• **What to work on**: Leave the images out. Give every line below again, precisely.

Segment Open

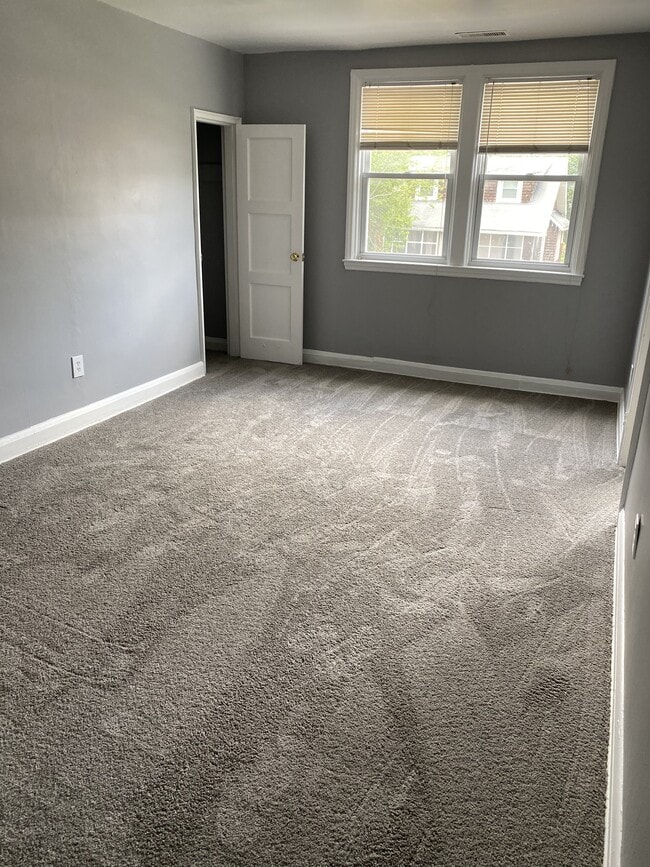 Living room - 4321 Norfolk Ave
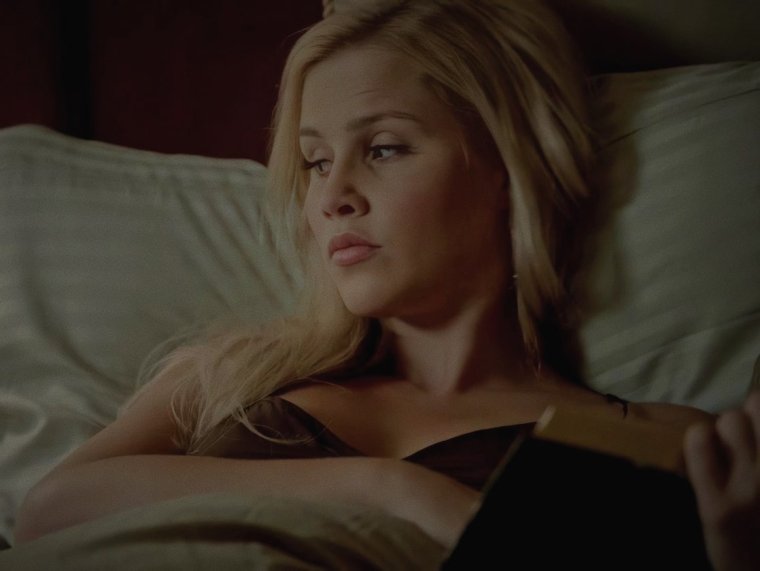 Клер Холт постельная сцена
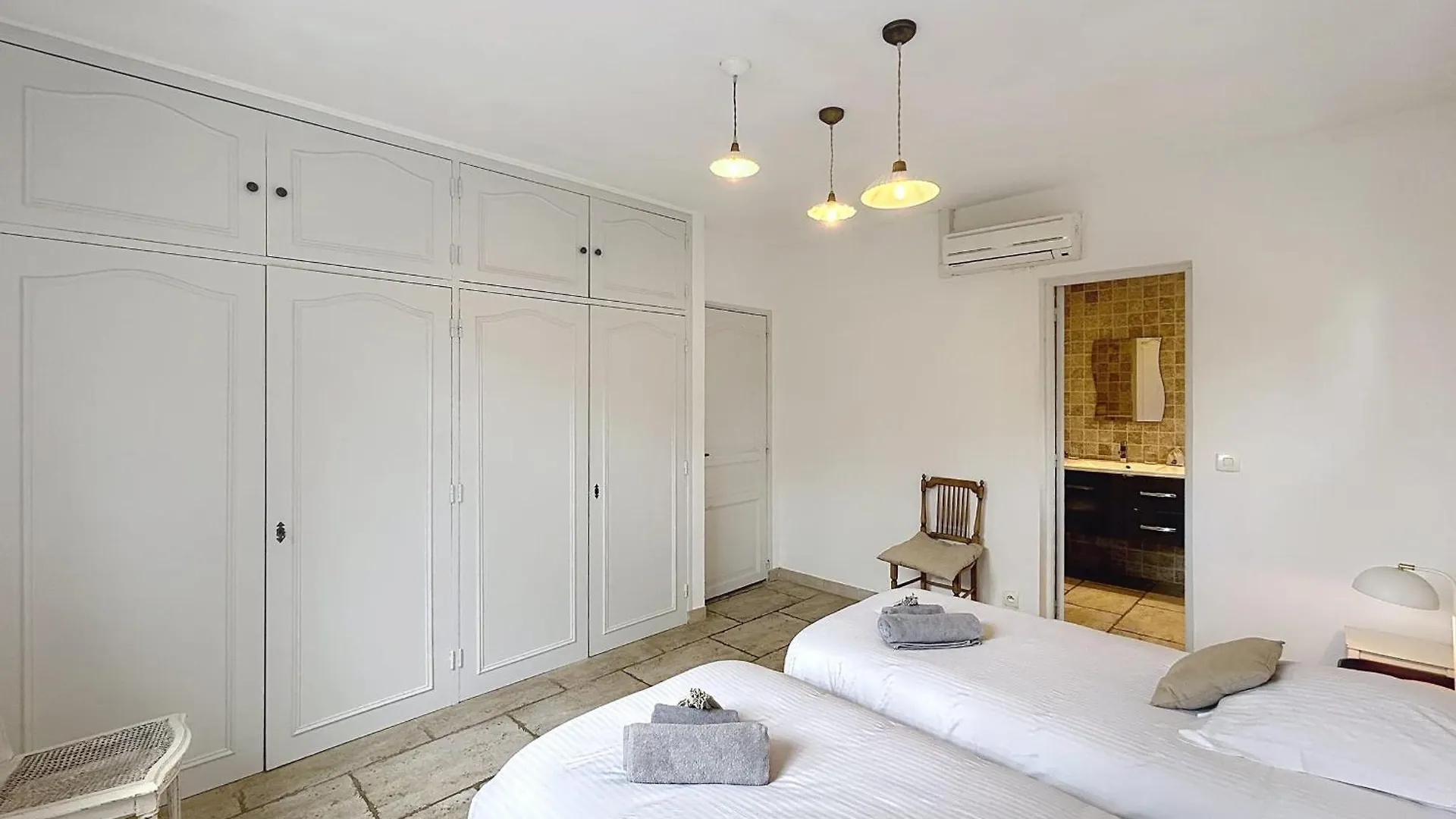 Mougins Charming Villa With Swimming Pool 3 Bedrooms In The Pine Forest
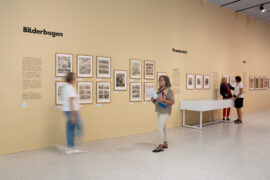 14 | Ausstellung ICH, DAS TIER | Bilderbogen | © GRIMMWELT Kassel, Foto Nicolas Wefers Blick in die Ausstellung in den Bereich Bilderbogen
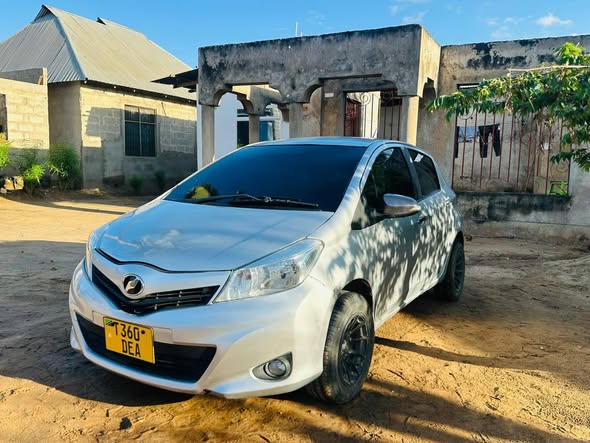 A picture of TOYOTA VITZ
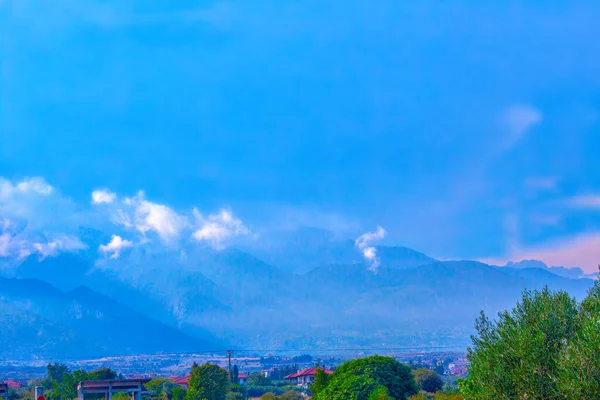 Azul Montaña Pueblo Cielo Panorama — Foto de Stock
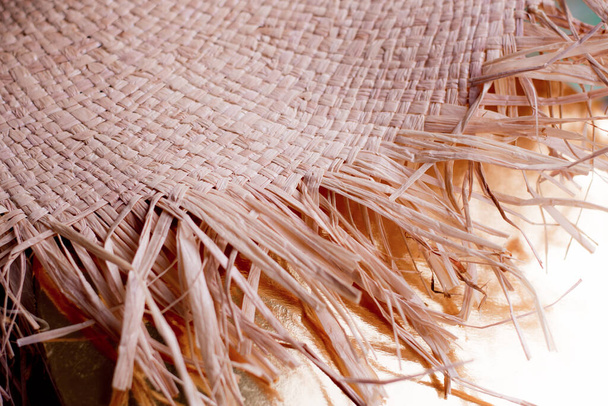 Sombrero de paja, sombrero de playa vista lateral superior de cerca - Foto, Imagen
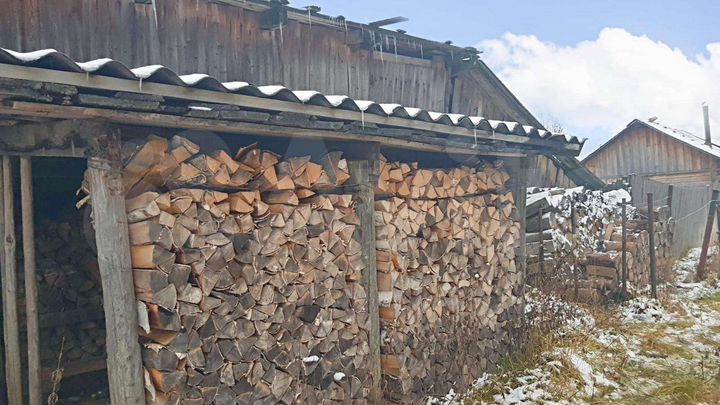 Дом 63 м² на участке 6 сот.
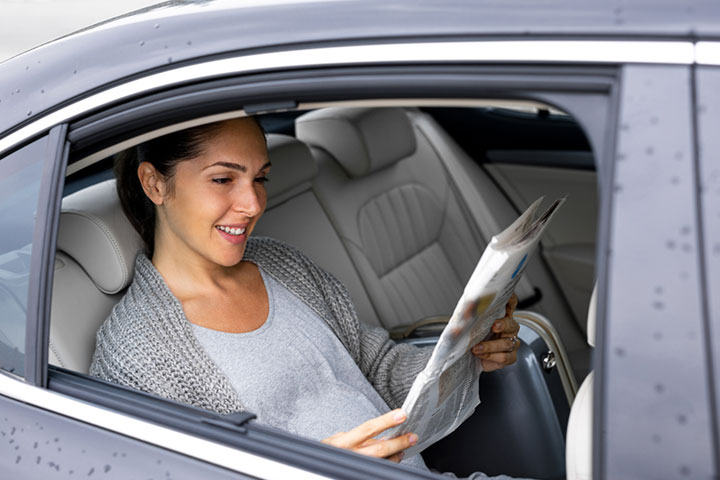 Reading while traveling may aggravate motion sickness in pregnancy.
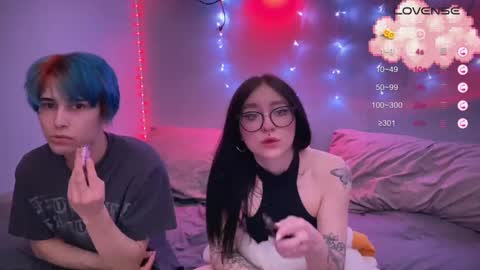 Tara  Sonny online show from 5, 3, 2025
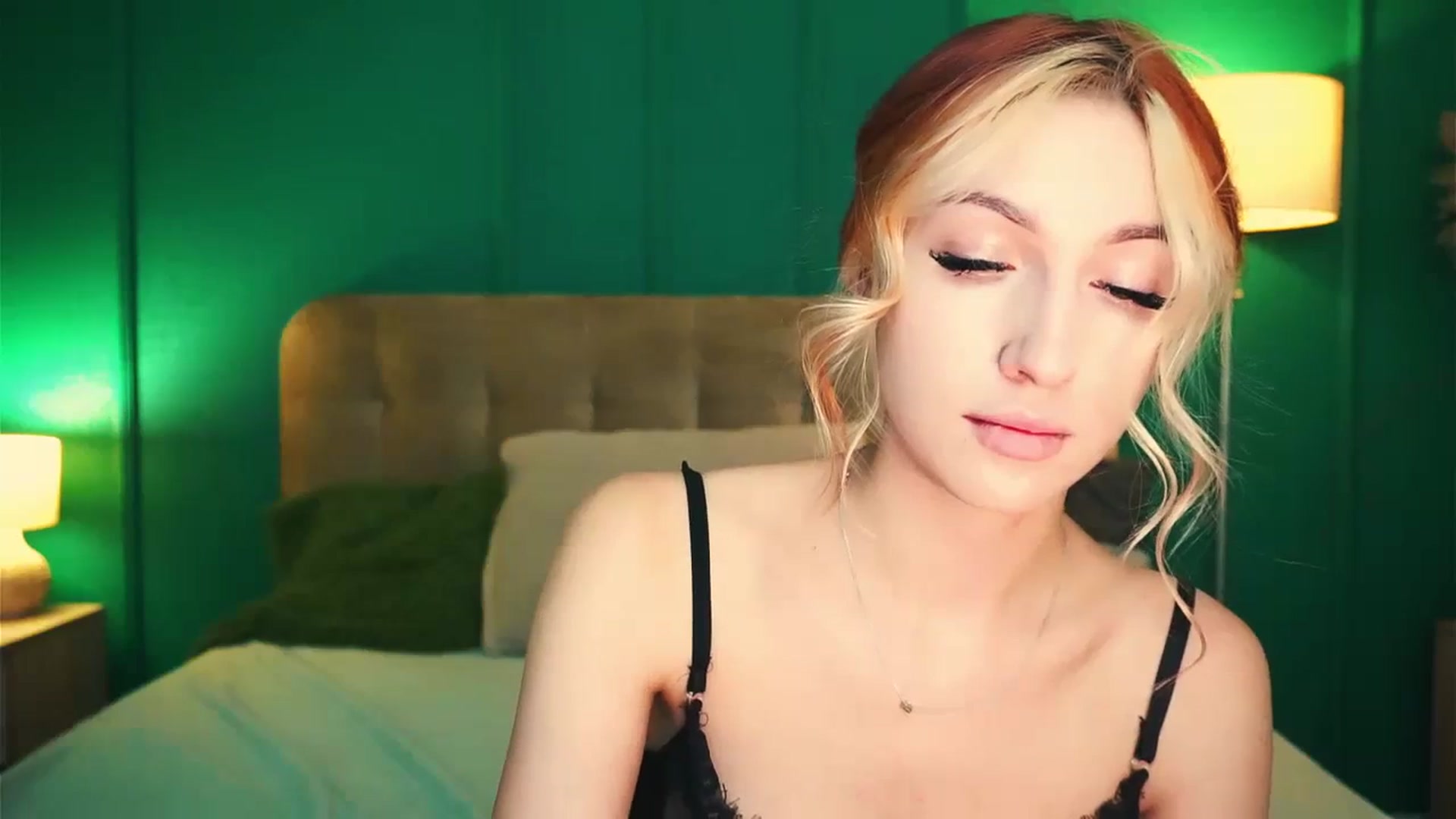 LovelyGin video thumbnail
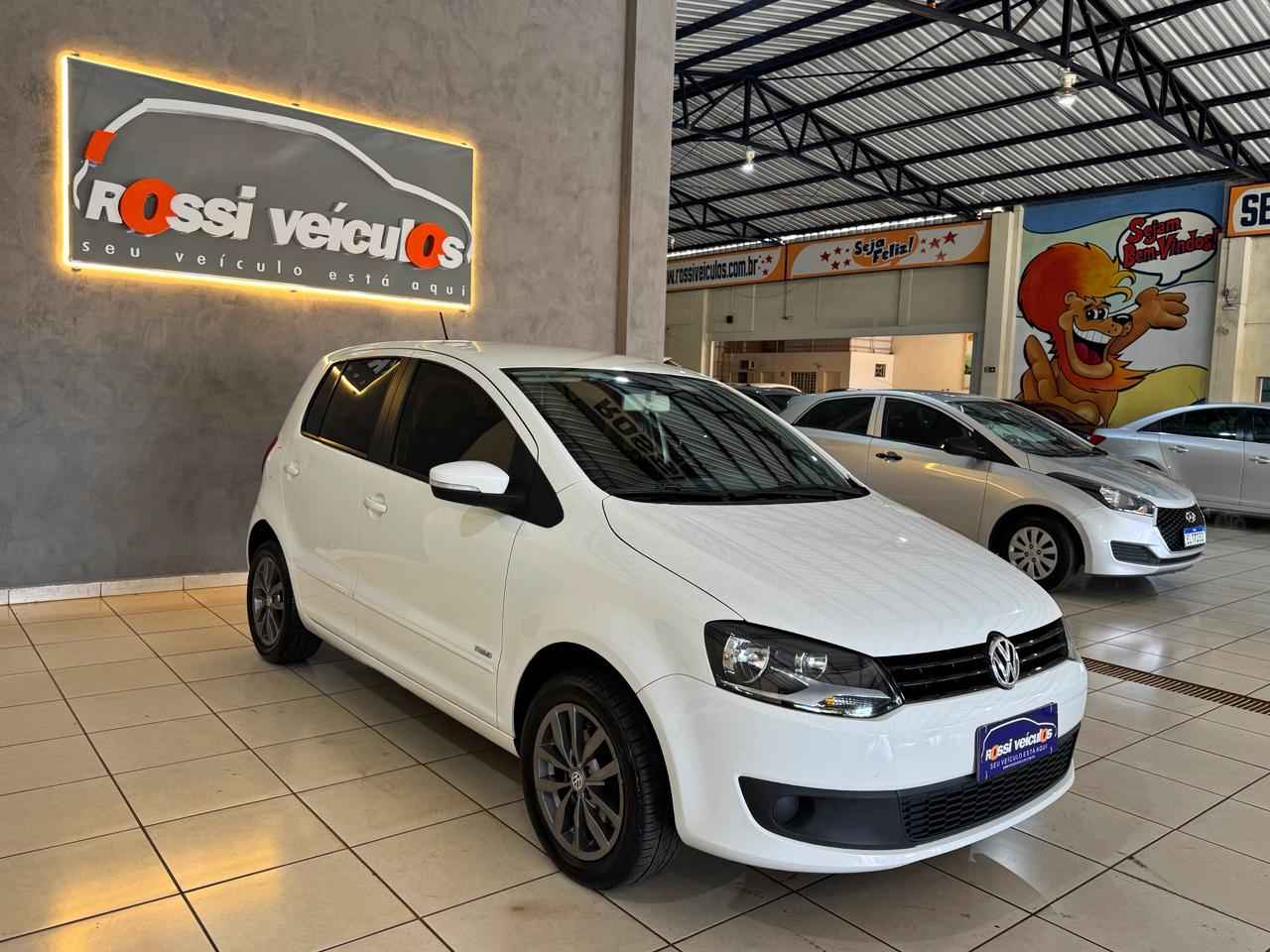 Rossi Veiculos Facebook ad: 2014 Volkswagen Fox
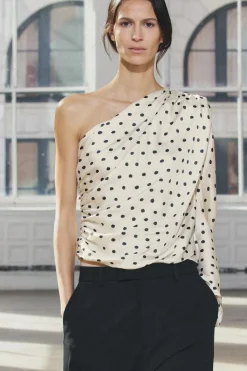 Fashion TOP ASIMÉTRICO HOMBRERA ZW COLLECTION Mujer Tops / Bodies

Segment Closed

• **Exercise output**:
 Living room - 4321 Norfolk Ave
 Клер Холт постельная сцена
 Mougins Charming Villa With Swimming Pool 3 Bedrooms In The Pine Forest
 14 | Ausstellung ICH, DAS TIER | Bilderbogen | © GRIMMWELT Kassel, Foto Nicolas Wefers Blick in die Ausstellung in den Bereich Bilderbogen
 A picture of TOYOTA VITZ
 Azul Montaña Pueblo Cielo Panorama — Foto de Stock
 Sombrero de paja, sombrero de playa vista lateral superior de cerca - Foto, Imagen
 Дом 63 м² на участке 6 сот.
 Reading while traveling may aggravate motion sickness in pregnancy.
 Tara  Sonny online show from 5, 3, 2025
 LovelyGin video thumbnail
 Rossi Veiculos Facebook ad: 2014 Volkswagen Fox
 Fashion TOP ASIMÉTRICO HOMBRERA ZW COLLECTION Mujer Tops / Bodies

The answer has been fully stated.